In competitive markets, wages are largely determined by labor
productivity. This rests on the assumption that employers are eager to increase
profits to the maximum. To the extent striker use force and intimidation to
obstruct work, they insist on a position of privilege and use force to maintain
this privilege against other workers. Union policies distribute unemployment in
relation to the relative elasticity of demand for different kinds of labor. If
wages are forced up, this increase will come out of profits. In the absence of
foreign competition, the wage increases may result in higher consumer prices.
The rise in wages in the 20th century is due to the growth of
capital investment and to scientific and technological advance. In a free enterprise system, everybody’s
money income is somebody else’s cost.
“For the passion for economic equality, among union members
as among the rest of us, is, with the exception of a few rare philanthropists
and saints, a passion for getting as much as those above us in the economic
scale already get rather than a passion for giving those below us as much as we
ourselves already get.”
9. “The Function of Profits”
What does it mean to make a profit? Far from a rhetorical
question, few people fundamentally grasp the implications of profits and loss
in either an economic and accounting sense. It means the result of the combination
of factors of production in such a way and in such amount so that the output is
valued greater than the sum of the inputs. Although succinctly modeled in accounting
rules, turning an economic profit, generating free cash flow, making money, or
whichever title you want to give it is extremely difficult. As my career has developed
and progressed, I have truly come to appreciate the difficulty of “making money”.

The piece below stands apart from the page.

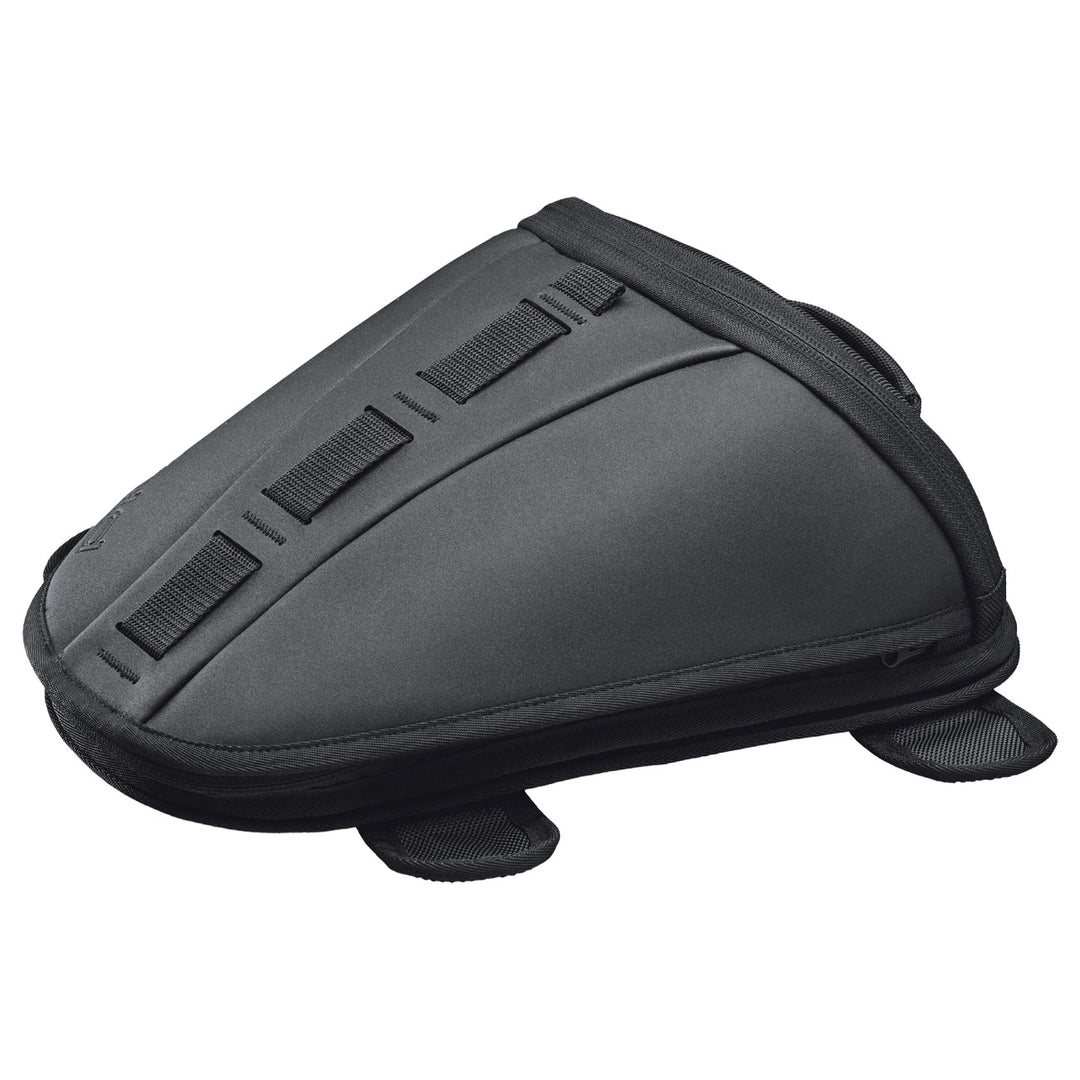 Tenda 2 Tail Bag | Tank Bag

Also, few people are familiar with the mortality rates of
business, large or small. The absence of profits is a telltale sign that the
labor and capital devoted to its production are misdirected. A crucial function
of profits is to guide and channel the factors of production to their most
valued (profitable) uses. According to Hazlitt, “The function of profits is to
put constant and unremitting pressure on the head of every competitive business
to introduce further economies and efficiencies.” Profits are often achieved
not by raising prices but by introducing economies and efficiencies that cut production
costs. Profits result from the relationship of costs to prices.
10. “The Mirage of Inflation”
Especially germane as this entry is written (summer 2021),
inflation is arguably the most misunderstood yet ubiquitous economic phenomenon.
An increase in the supply of money inevitability and inexorably reduces the
purchasing power of the currency medium. Some economists posit a “rigid mechanical
theory of the effect of the supply of money on commodity prices.” The total
money supply multiplied by its velocity must equal the value of the goods
bought. These economists hold that “the value of the monetary unit must vary
exactly and inversely with the amount put into circulation.”
Itself a form of taxation, inflation is especially pernicious.
The burden of inflation falls hardest on precisely those people that are less
able to mitigate its effects and/or are more downstream from the
monetary expansion. These Cantillon effects are key to understanding the
regressive nature of the inflation tax.